The Racist Beginnings of Standardized Testing
As many students return to in-person learning for the first time in almost a year, states and school districts are also beginning to gear up for statewide standardized testing, as required by the US Department of Education (ED).
In April 2020, as the pandemic engulfed the nation and forced schools to close, the department granted a “blanket waiver” to every state to skip mandated statewide testing for 2019-20. Last month, however, ED officials announced it was mandating schools to administer some form of statewide assessment for 2020-21.
Educators across the country criticized the decision, saying the idea that students should be forced to take any sort of standardized test this year is incomprehensible. The priority right now should be on strengthening instruction and support for students and families in communities most traumatized by the impact of the coronavirus.
Many of these same communities have suffered the most from high-stakes testing. Since their inception almost a century ago, the tests have been instruments of racism and a biased system. Decades of research demonstrate that Black, Latin(o/a/x), and Native students, as well as students from some Asian groups, experience bias from standardized tests administered from early childhood through college.
"We still think there’s something wrong with the kids rather than recognizing their something wrong with the tests," Ibram X. Kendi of the Antiracist Research & Policy Center at Boston University and author of How to be an Antiracist said in October 2020. "Standardized tests have become the most effective racist weapon ever devised to objectively degrade Black and Brown minds and legally exclude their bodies from prestigious schools."
Yet some organizations insist on more testing, arguing that the data will expose the gaps where support and resources should be directed.

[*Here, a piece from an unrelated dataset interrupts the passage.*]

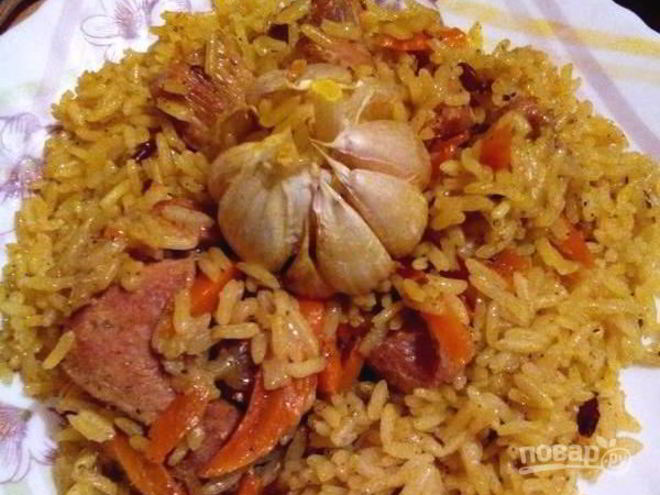 Рецепт классического плова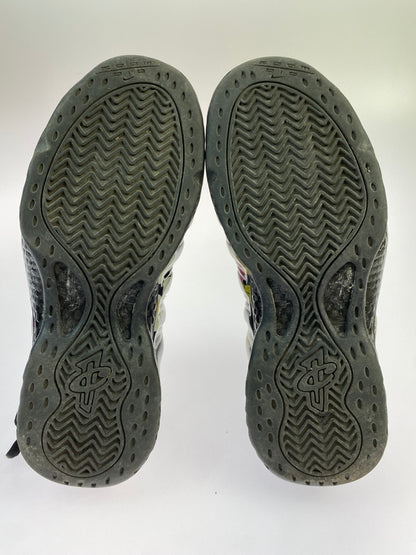【中古品】【メンズ】 NIKE ナイキ 314996-012 AIR FOAMPOSITE ONE 靴 シューズ スニーカー 160-260517-AS-9-min サイズ：27cm カラー：BLACK/BLACK-WHITE 万代Net店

Standardized tests, however, have never been accurate and reliable measures of student learning and, one year into a pandemic, would be even less so now.
“While much has been said about the racial achievement gap as a civil rights issue, more attention needs to be paid to the measurement tools used to define that gap,” explains Young Wan Choi, manager of performance assessments for the Oakland Unified school District in Oakland, CA. “Education reformists, civil rights organizations, and all who are concerned with racial justice in education need to advocate for assessment tools that don’t replicate racial and economic inequality.”
"To tell the truth about standardized tests," Kendi said, "is to tell the story of the eugenicists who created and popularized these tests in the United States more than a century ago."
As the U.S. absorbed millions of immigrants from Europe beginning in the 19th century, the day’s leading social scientists, many of them White Anglo-Saxon Protestants, were concerned by the infiltration of non-whites into the nation’s public schools.
In his 1923 book, A Study of American Intelligence, psychologist and eugenicist Carl Brigham wrote that African-Americans were on the low end of the racial, ethnic, and/or cultural spectrum. Testing, he believed, showed the superiority of “the Nordic race group” and warned of the “promiscuous intermingling” of new immigrants in the American gene pool.